Multilabel Classification

from wordreduce import WordReduceLabeler
wrl = WordReduceLabeler(schema_size=100, max_df=0.01, min_df=10)
bags_of_words = wrl.fit_transform(retokenized)

Clustering

from wordreduce import WordReduceLabeler
wrl = WordReduceLabeler(schema_size=100, max_df=0.01, min_df=10)
cluster_ids = wrl.fit_clusterize(retokenized)

Technical Description

Motivation: feature selection versus dimensionality reduction

Linguistic data can be transformed into structured data trivially using the Bag-of-Words (BOW) model. However, the resulting representations are high-dimensional, and cannot be easily used for other types of analysis in the context of data science problems.
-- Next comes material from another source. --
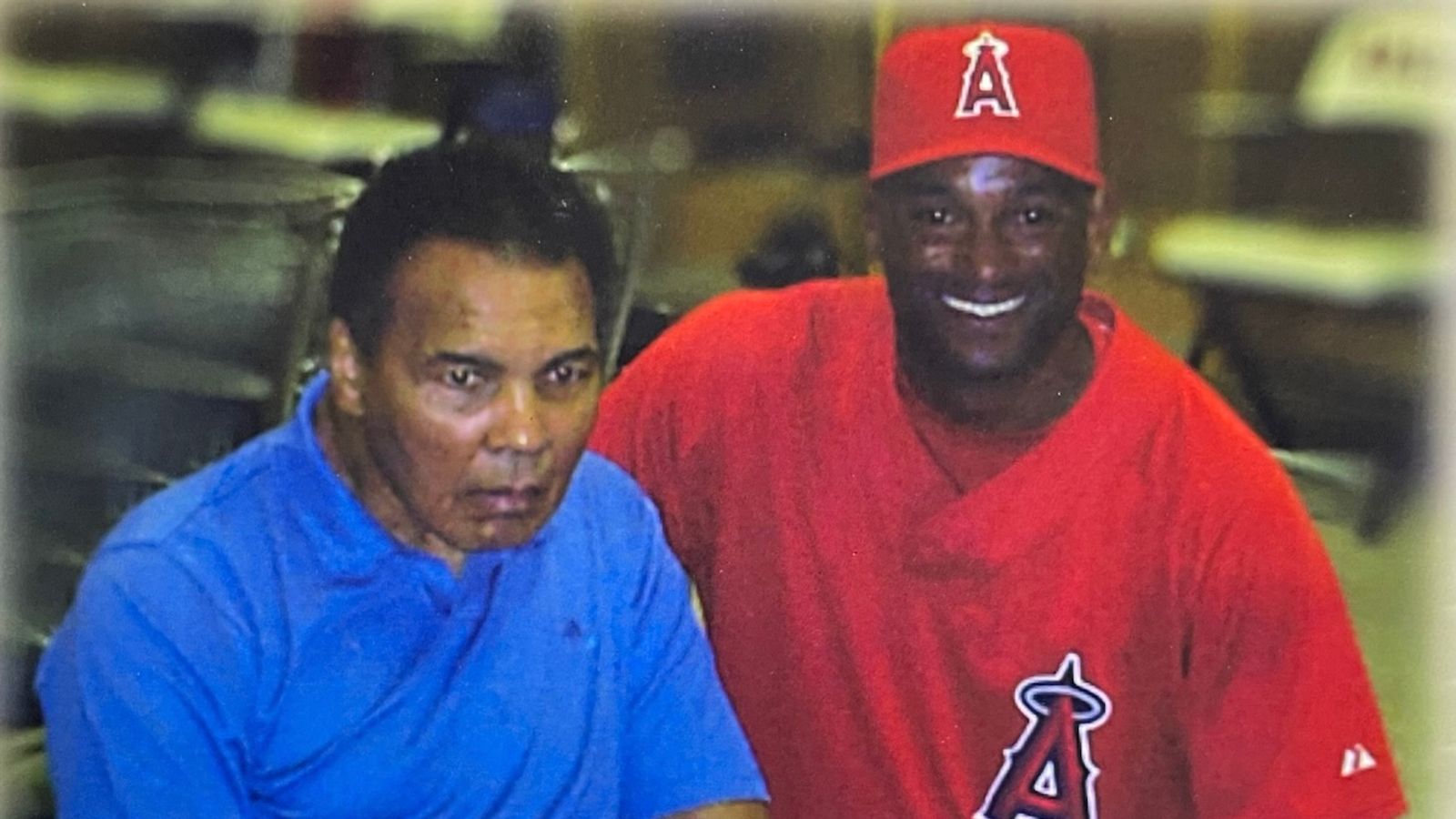 The Curtis Pride story: Inspiration, baseball, and overcoming the odds, Dont miss!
High-dimensional spaces can be transformed into low-dimensional ones using dimensionality reduction techniques (e.g. LDA, PCA, NMF, SVD). However, these methods work by projecting an observable space onto a latent space and, as a result, end up as black boxes: the original structure is lost, along with its meaning, which again hampers further analysis.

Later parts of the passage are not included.